The inspiration for this delightful fantasy, created by the architect Sir Clough Williams Ellis, who died in 1978, was the Italian fishing village of Portofino. On his return to Britain he searched for a suitable site, and finally found the ideal setting on a wooded, rocky promontory between Porthmadog and Harlech. Graceful, Italianate buildings, dominated by an elegant campanile, surround the main square, and all manner of exotic plants flourish in the picturesque streets. All the cottages are let as holiday homes, and there are also hotels, restaurants and shops. The famous and controversial American architect of the “Prairie School’, Frank Lloyd Wright, was a close friend of Williams Ellis and a frequent visitor to Portmeirion. (Day visitors must pay an entrance fee.)
Here, among the woods of the Vale of Conwy, on the boundary of the Snowdonia National Park, is one of Britain’s most beautiful gardens. Bodnant Garden (NT) slopes down over 80 acres of the Conwy valley, with the Snowdonian peaks in the background. It was planned in 1875 by Henry Pochin, a Lancashire industrialist, extended by his daughter, Lady Aberconwy, then by his grandson.
Snowdonia National Park
The Welsh name for Snowdonia is Eryi -‘the haunt of the eagle’, and though the eagles have gone, the grandeur remains. Snowdon itself dominates the area, at 3560ft it is the highest mountain in Wales. The Park covers 845 square miles of mountainous countryside stretchng as far as the coast of Cardigan Bay. This is superb country for the walker and rock climber. The mixture of mountain, lake and deep valley creates some of the loveliest scenery in North Wales, and noted beauty spots such as Betwsy-Coed attract visitors in their thousands.
One of the oldest narrow-gauge railways in the world, the Tal-y-llyn runs 8 miles up the Fathew Valley from Tywyn to Nant Gwernol beyond Abergynolwyn.
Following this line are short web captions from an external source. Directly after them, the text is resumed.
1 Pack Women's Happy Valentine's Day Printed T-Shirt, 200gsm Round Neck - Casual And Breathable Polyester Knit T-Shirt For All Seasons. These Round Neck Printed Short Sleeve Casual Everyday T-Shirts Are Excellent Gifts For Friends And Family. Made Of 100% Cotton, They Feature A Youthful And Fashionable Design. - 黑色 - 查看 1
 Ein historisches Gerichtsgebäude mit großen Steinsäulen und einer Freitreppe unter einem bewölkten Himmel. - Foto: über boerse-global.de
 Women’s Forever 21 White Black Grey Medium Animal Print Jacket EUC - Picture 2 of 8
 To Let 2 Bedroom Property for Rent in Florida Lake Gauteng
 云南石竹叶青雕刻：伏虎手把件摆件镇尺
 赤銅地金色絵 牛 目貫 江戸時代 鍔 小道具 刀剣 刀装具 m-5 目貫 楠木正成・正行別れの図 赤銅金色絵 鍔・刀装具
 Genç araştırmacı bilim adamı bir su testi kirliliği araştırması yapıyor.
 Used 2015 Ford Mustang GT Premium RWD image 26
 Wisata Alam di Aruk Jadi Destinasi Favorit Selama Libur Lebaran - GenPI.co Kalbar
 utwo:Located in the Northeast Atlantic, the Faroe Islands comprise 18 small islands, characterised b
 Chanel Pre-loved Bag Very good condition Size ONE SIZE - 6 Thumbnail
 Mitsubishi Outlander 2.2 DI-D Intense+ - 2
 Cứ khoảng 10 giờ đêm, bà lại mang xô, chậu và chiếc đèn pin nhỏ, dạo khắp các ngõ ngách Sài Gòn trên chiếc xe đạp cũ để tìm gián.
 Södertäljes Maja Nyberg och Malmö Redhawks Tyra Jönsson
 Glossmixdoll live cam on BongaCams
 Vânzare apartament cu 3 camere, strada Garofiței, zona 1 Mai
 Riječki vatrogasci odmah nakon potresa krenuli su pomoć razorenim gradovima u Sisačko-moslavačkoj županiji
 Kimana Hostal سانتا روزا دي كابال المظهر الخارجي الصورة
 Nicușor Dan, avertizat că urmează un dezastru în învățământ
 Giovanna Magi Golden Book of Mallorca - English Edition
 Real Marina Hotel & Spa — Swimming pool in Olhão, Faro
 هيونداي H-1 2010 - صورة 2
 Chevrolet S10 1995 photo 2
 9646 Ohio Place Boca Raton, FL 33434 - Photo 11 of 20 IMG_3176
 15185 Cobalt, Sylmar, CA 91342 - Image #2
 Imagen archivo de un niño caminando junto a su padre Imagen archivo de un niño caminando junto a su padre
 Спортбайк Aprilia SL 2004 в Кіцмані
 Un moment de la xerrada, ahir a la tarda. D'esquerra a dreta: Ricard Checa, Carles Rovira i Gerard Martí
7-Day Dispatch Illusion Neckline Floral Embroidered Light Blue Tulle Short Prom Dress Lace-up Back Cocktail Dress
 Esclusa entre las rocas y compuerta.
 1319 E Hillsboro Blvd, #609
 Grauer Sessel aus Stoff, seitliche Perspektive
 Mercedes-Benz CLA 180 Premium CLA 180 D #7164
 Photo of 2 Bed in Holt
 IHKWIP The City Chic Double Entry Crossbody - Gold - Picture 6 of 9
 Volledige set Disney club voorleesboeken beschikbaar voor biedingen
Built in 1865 to serve Bryneglwys slate quarry the line was closed in 1947 but rescued from oblivion by the first British railway preservation society in 1951. The wayside halt at Dolgoch gives access to the spectacular 125ft waterfalls nearby. 3 miles north east of Abergynolwyn is the hamlet of Tal-y-llyn situated on the shores of the magnificent Tal-y-llyn Lake which lies beneath the slopes of Cadet Idris.
Tremadog and its larger neighbour Porthmadog lie at the coastal end of the Glaslyn valley. William Maddocks the rich MP for Boston, Lincolnshire, built Tremadog in the early 19th century on reclaimed land behind the Cob, an embankment he had built across the mouth of the river. He intended it to be a key point on the route to Ireland but Parliament voted for Holyhead instead. Maddocks received help from the Shelleys, who stayed in the town. Tremadog was designed as a model town in a classical style, with neat stone buildings, a broad main street and a square headed by the former Market Hall. The sheer cliffs behind the Hall included the Coed Tremadog National Nature Reserve, rich in oak trees and in plants profiting from the exclusion of sheep.
Lawrence of Arabia (T E Lawrence) was born here in 1888.
A seaside town with miles of sand. Tywyn is situated on the edge of Snowdonia National Park at the foot of the Cader Idris range. The headquarters of the Tal-y-llyn Railway is at Wharf Station, adjoining the Railway Museum. The church of St Cadfan founder of the Bardsey Island monastery originally 6th century, but rebuilt in the 19th century, preserves its early Norman nave. Inside, St Cadfan’s stone is inscribed with perhaps the earliest example of written Welsh. Tywyn’s church, Vicarage and school are the distinctive work of the Victorian architect G E Street.